To compute the binning, matplotlib
uses the np.histogram
function, which does a very similar computation to what we did before. Let's compare the two here:
print("NumPy routine:")
%timeit counts, edges = np.histogram(x, bins)
print("Custom routine:")
%timeit np.add.at(counts, np.searchsorted(bins, x), 1)
NumPy routine: The slowest run took 45.78 times longer than the fastest. This could mean that an intermediate result is being cached. 10000 loops, best of 3: 53.8 µs per loop Custom routine: The slowest run took 19.34 times longer than the fastest. This could mean that an intermediate result is being cached. 100000 loops, best of 3: 16.6 µs per loop
我们自己的算法居然比 NumPy 内置的算法快了好几倍。如果你去查看 np.histogram
的源码(你可以在 IPython 中用 np.histogram??
来看到源码)会发现它比我们做的要复杂的多。这是因为 NumPy 的算法更加灵活,并且对数据量更大的情况作了优化:
Our own one-line algorithm is several times faster than the optimized algorithm in NumPy! How can this be?
If you dig into the np.histogram
source code (you can do this in IPython by typing np.histogram??
), you'll see that it's quite a bit more involved than the simple search-and-count that we've done; this is because NumPy's algorithm is more flexible, and particularly is designed for better performance when the number of data points becomes large:
x = np.random.randn(1000000)
print("NumPy routine:")
%timeit counts, edges = np.histogram(x, bins)
print("Custom routine:")
%timeit np.add.at(counts, np.searchsorted(bins, x), 1)

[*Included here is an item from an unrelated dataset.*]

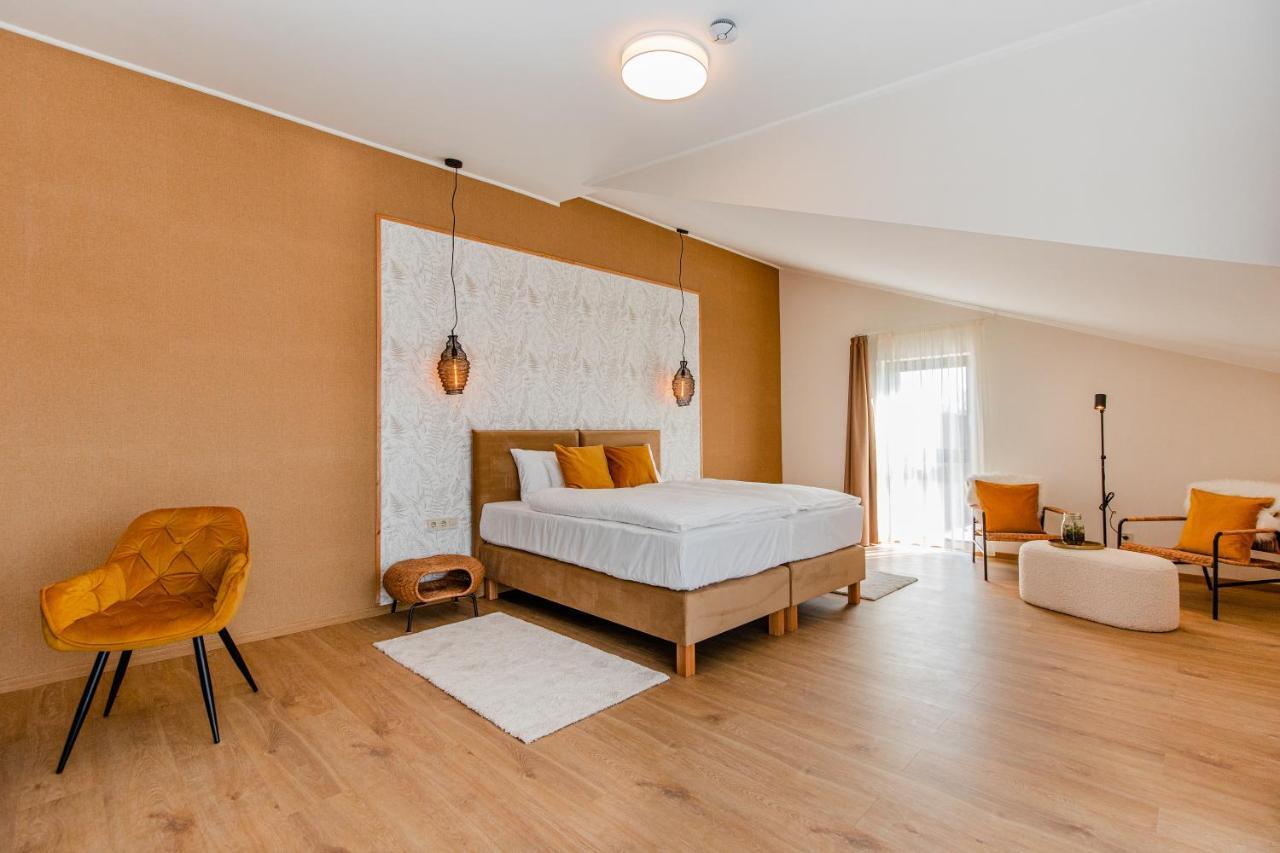 H11 Rooms Esztergom Eksteriør bilde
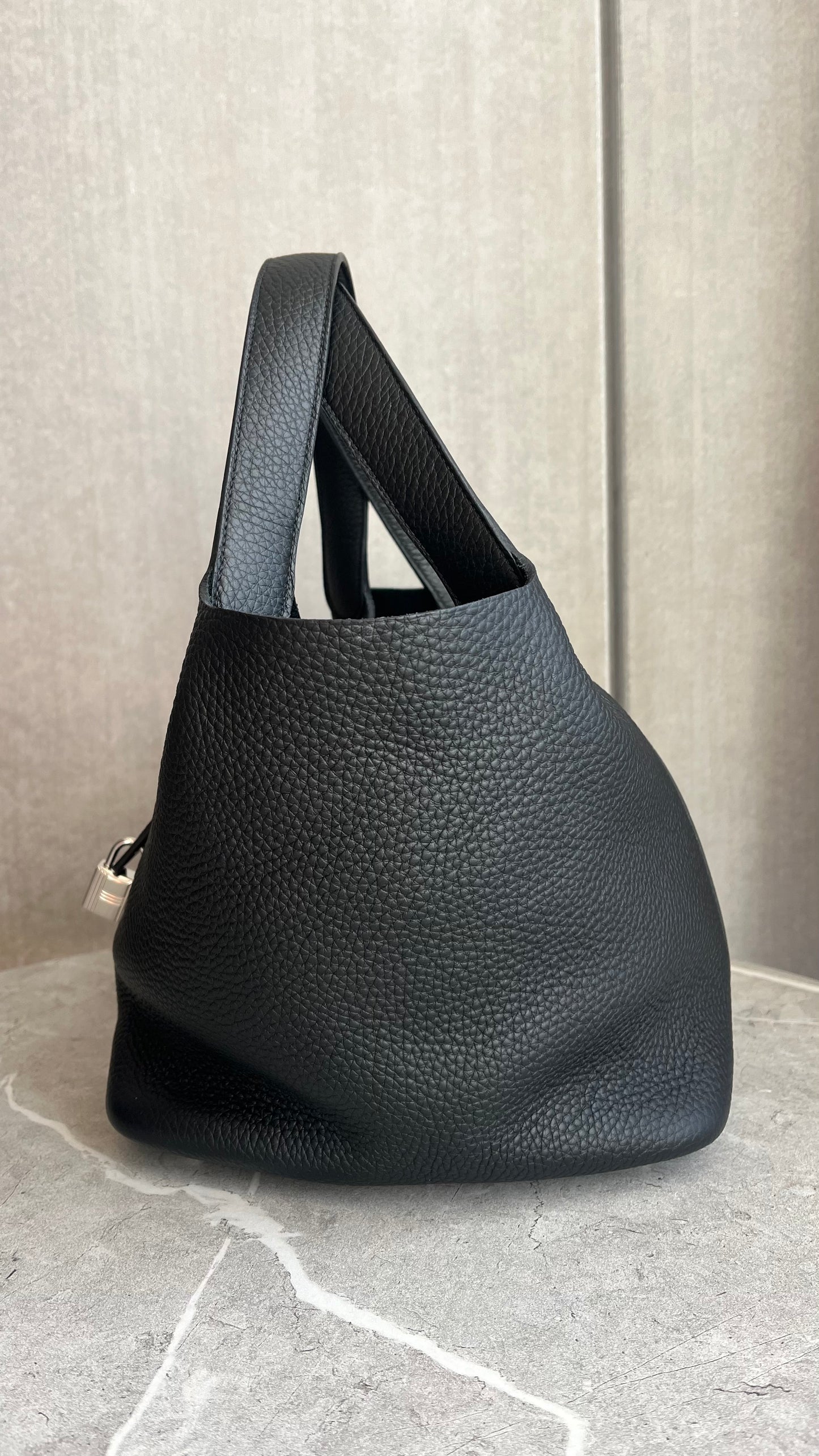 【HERMES】ピコタンロックMM ノワール シルバー金具#810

NumPy routine: 10 loops, best of 3: 61.4 ms per loop Custom routine: 10 loops, best of 3: 133 ms per loop
从这里我们也能看到算法执行效率不是几个简单的问题。一个算法如果在大数据集上表现的好不代表它适用于小数据集,反言之也类似(详见大 O 表示法)。但是当你自己写了这些算法之后,你也就了解了这些方法的原理,你就能够自己对其进行扩展。
所以要想用 Python 高效处理数据密集的情况,一方面要知道以及何时使用 np.histogram
这样的方法,同时又要知道如何利用更低级的函数执行更灵活的运算。
What this comparison shows is that algorithmic efficiency is almost never a simple question. An algorithm efficient for large datasets will not always be the best choice for small datasets, and vice versa (see Big-O Notation).
But the advantage of coding this algorithm yourself is that with an understanding of these basic methods, you could use these building blocks to extend this to do some very interesting custom behaviors.
The key to efficiently using Python in data-intensive applications is knowing about general convenience routines like np.histogram
and when they're appropriate, but also knowing how to make use of lower-level functionality when you need more pointed behavior.